The world’ second largest economy is now permitting exchange traded funds (ETFs) comprised of Hong Kong underlying equities, according to a Wall Street Journal article published on August 20.
The listing of Hong Kong ETFs will “open the door for mainland investors to take part in Hong Kong’s equities market for the first time,” noted Li Keqiang, China’s Vice Premier during a visit to Hong Kong.
The step is inching Asia toward a more ETF-friendly marketplace, but the region remain largely “nascent,” according to Jim Wiandt, editor and publisher of the Journal of Indexes and publisher of IndexUniverse.com and the Exchange-Traded Funds Report.
Wiandt’s publications provide data on product and market developments related to index funds, ETFs, index derivatives, and the investment strategies associated with these instruments.
“There is huge growth potential in Asia for ETFs, but it hasn’t happened yet,” said Wiandt, attributing the region’s slow growth of ETF exposure to investor psychology. “Asian investors are more gamblers than investors. They prefer asset allocation, and stock trading and volatility—you’re not going to get more volatility than that in a single stock.”
Historically, the Asian markets have listed mainly U.S. and European products on their home exchange, according to Wiandt.
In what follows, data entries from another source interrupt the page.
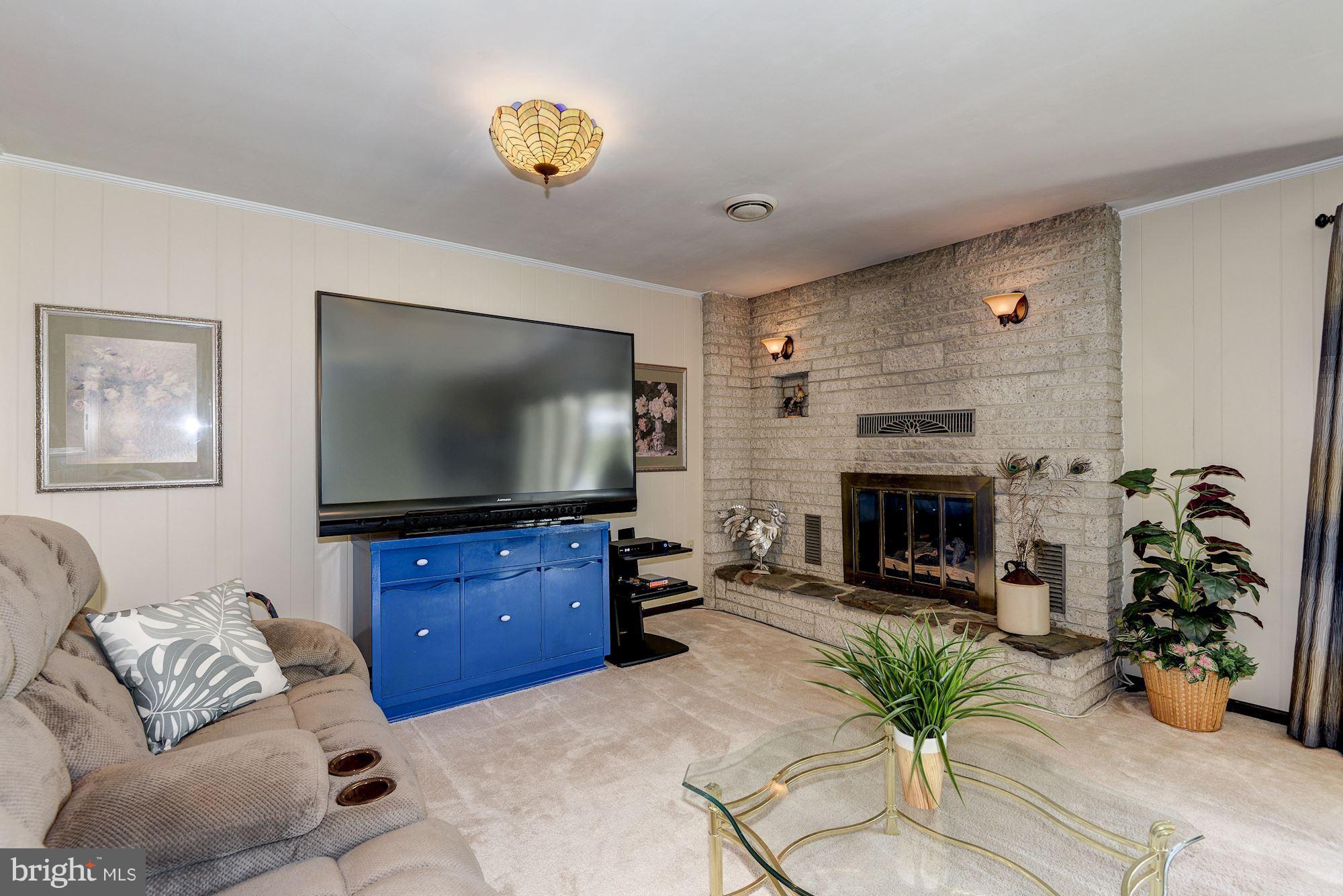 2055 Tyrone Road Westminster, MD 21158 - Photo 5 of 30 Family Room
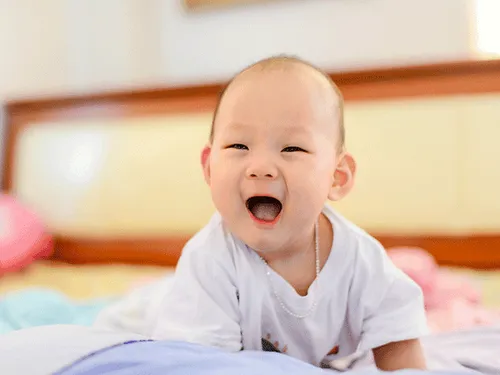 Ở tháng thứ 4, trẻ đã có thể giữ vững phần đầu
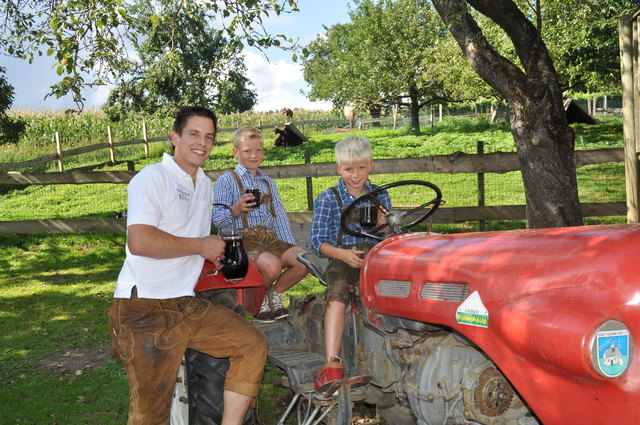 Michael (l.) und Armin (r.)  genießen das Erfrischungsgetränk ihres Onkels | Foto: Friessnegg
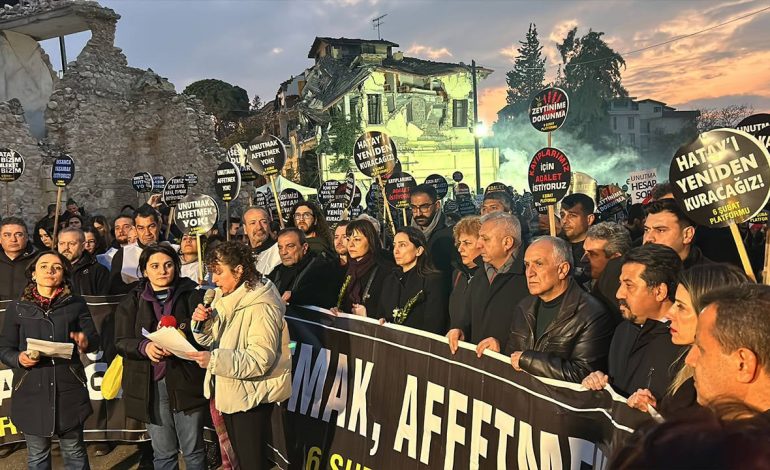 6 Şubat depreminin yıl dönümü nedeniyle yürüyüş düzenlendi: “Unutmak yok, affetmek yok, helalleşmek yok!”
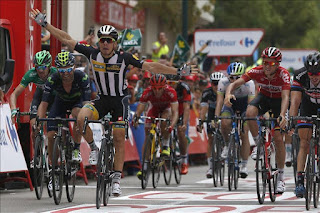 El italiano Kristian Sbaragli ganó la décima etapa de la Vuelta a España. El holandés Tom Dumoulin (Giant) mantuvo la camiseta roja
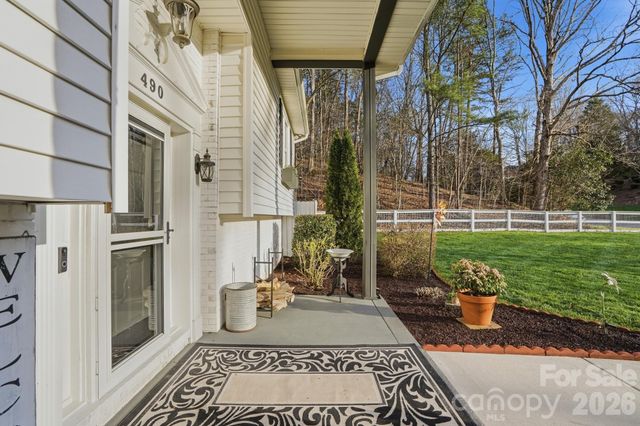 490 Woodend Drive SE, Concord, NC 28025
Hong Kong’s Secretary for Financial Services and the Treasury KC Chan said on a radio program Saturday the implementation of the exchange traded funds will be subject to the approval of the Chinese securities regulator noted the Wall Street Journal article.
Prior to the Beijing’s recent addition of Hong Kong ETFs, Chan remarked that “there were technical problems associated with the ETFs have been resolved,” earlier in the year. Chan said it was his hope to see ETFs consisting of Hong Kong stocks launched by year end, according to the Wall Street Journal article.